TASK DIRECTIONS: Only the lines from the one containing "Eine Frau hält" through the end of the entries are wanted, retyped exactly and without pictures.

[Scraped caption text data]
========
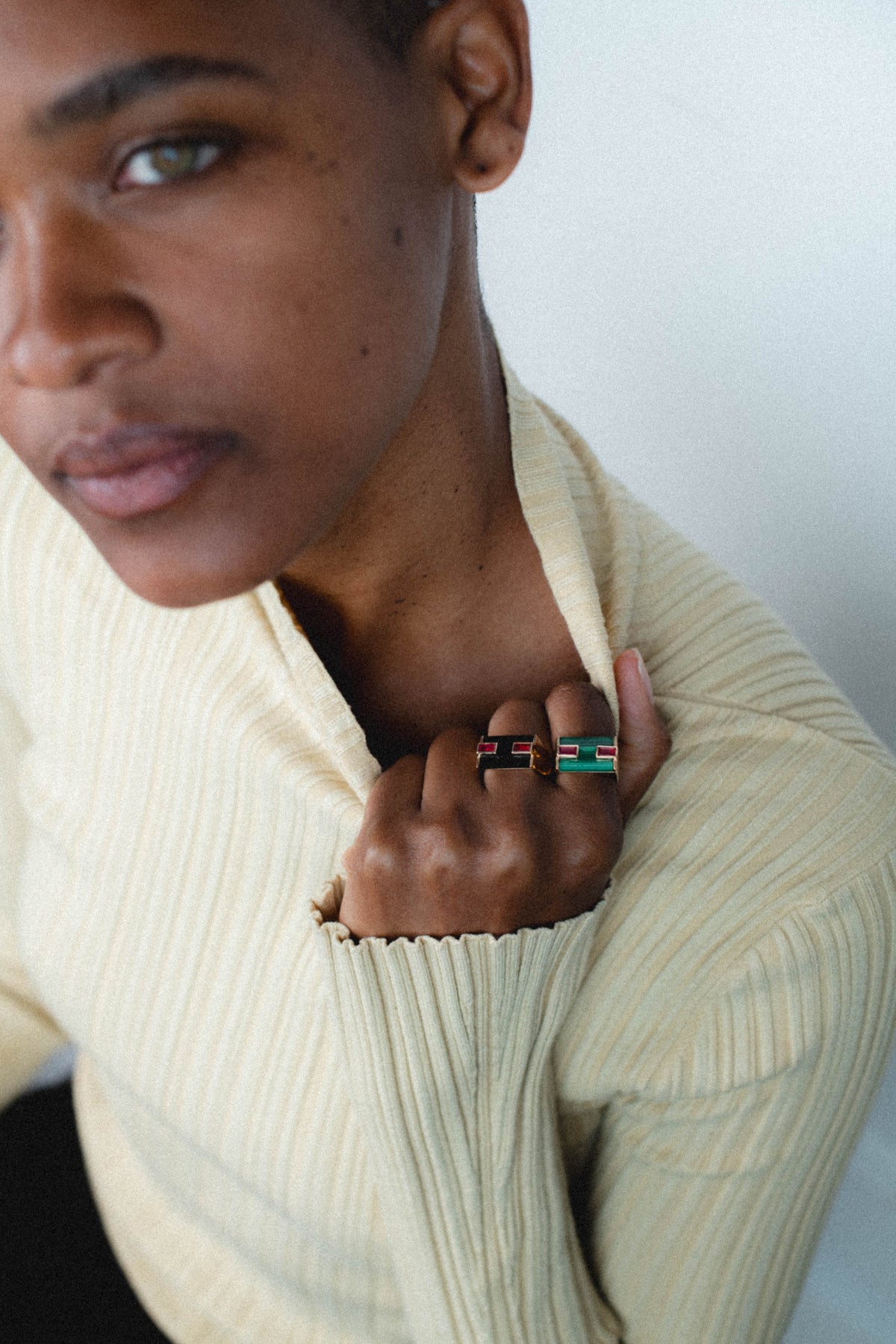 Model in a cream ribbed sweater wearing malachite and onyx rings from the Milestone Collection and touching her collarbone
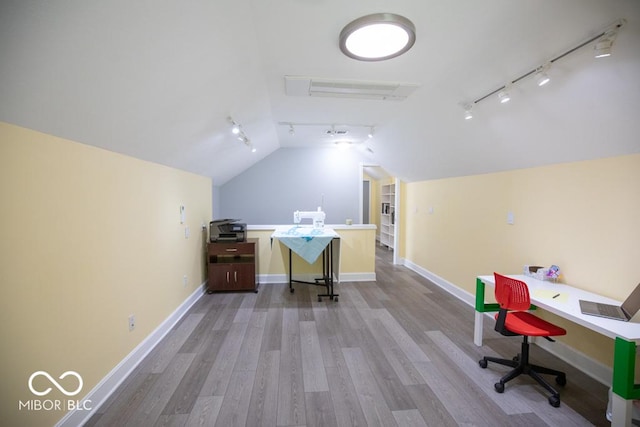 495 Persimmon Dr, North Vernon, IN 47265 - office featuring rail lighting, vaulted ceiling, wood finished floors, and baseboards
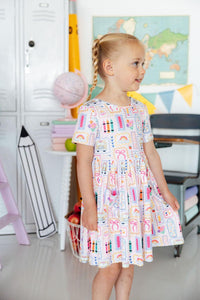 Girl wearing Art Class Short Sleeve Pocket Twirl Dress with a twirl skirt in a classroom.
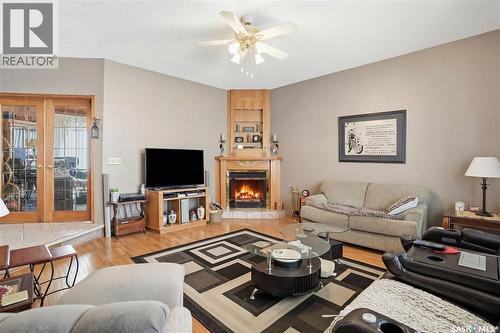 210 Railway Avenue, Mortlach, SK - Indoor Photo Showing Living Room With Fireplace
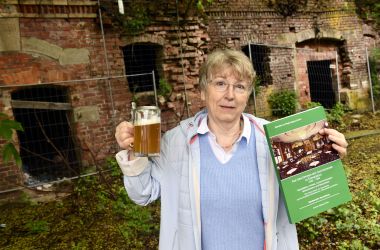 Eine Frau hält einen Krug mit Bier und ein grünes Buch in den Händen.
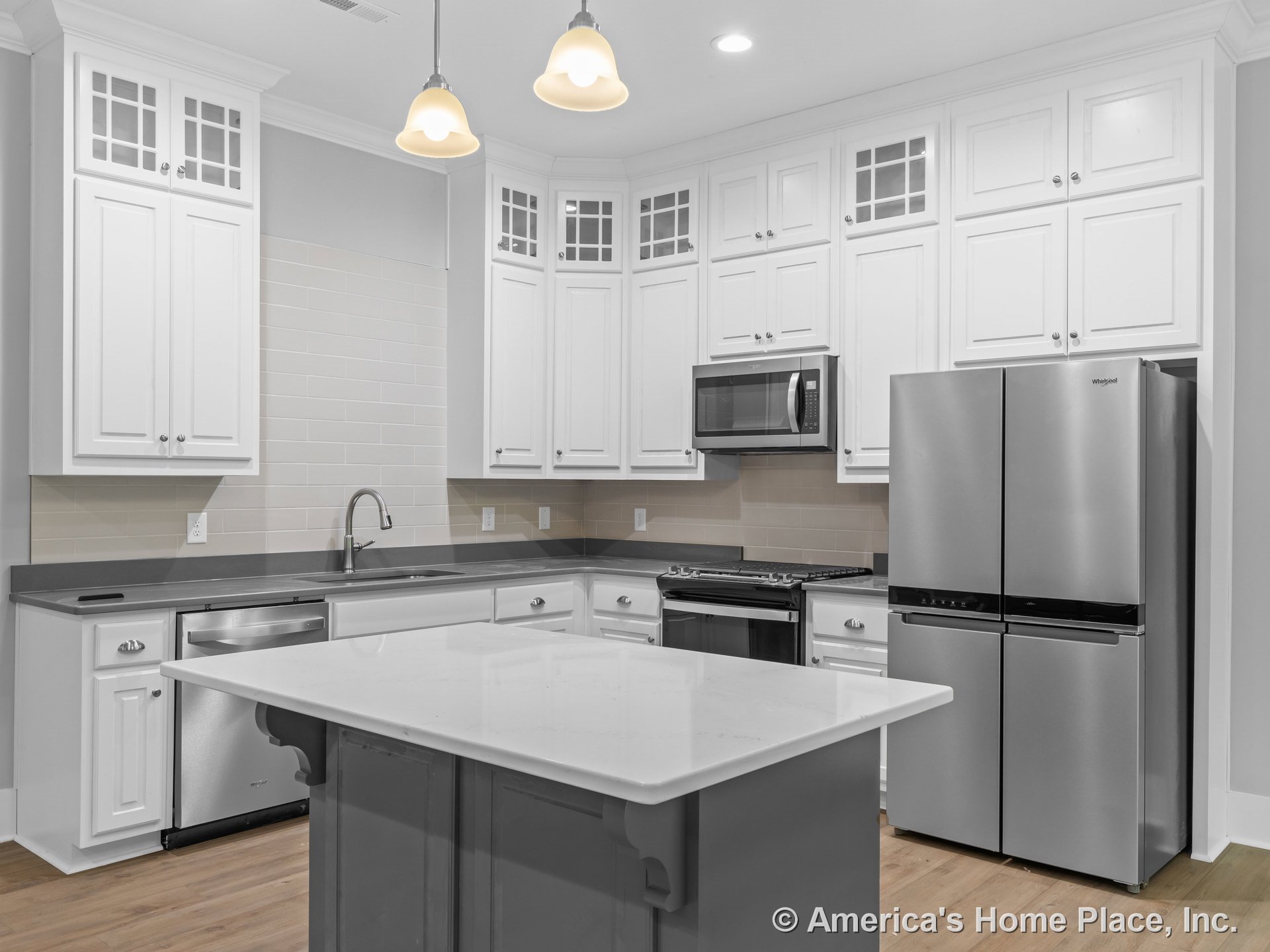 White shaker upper cabinets with glass inserts, stainless steel refrigerator and built-in microwave, subway tile backsplash, central island with quartz countertop, pendant ceiling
========
YOUR RESPONSE:
 Eine Frau hält einen Krug mit Bier und ein grünes Buch in den Händen.
 White shaker upper cabinets with glass inserts, stainless steel refrigerator and built-in microwave, subway tile backsplash, central island with quartz countertop, pendant ceiling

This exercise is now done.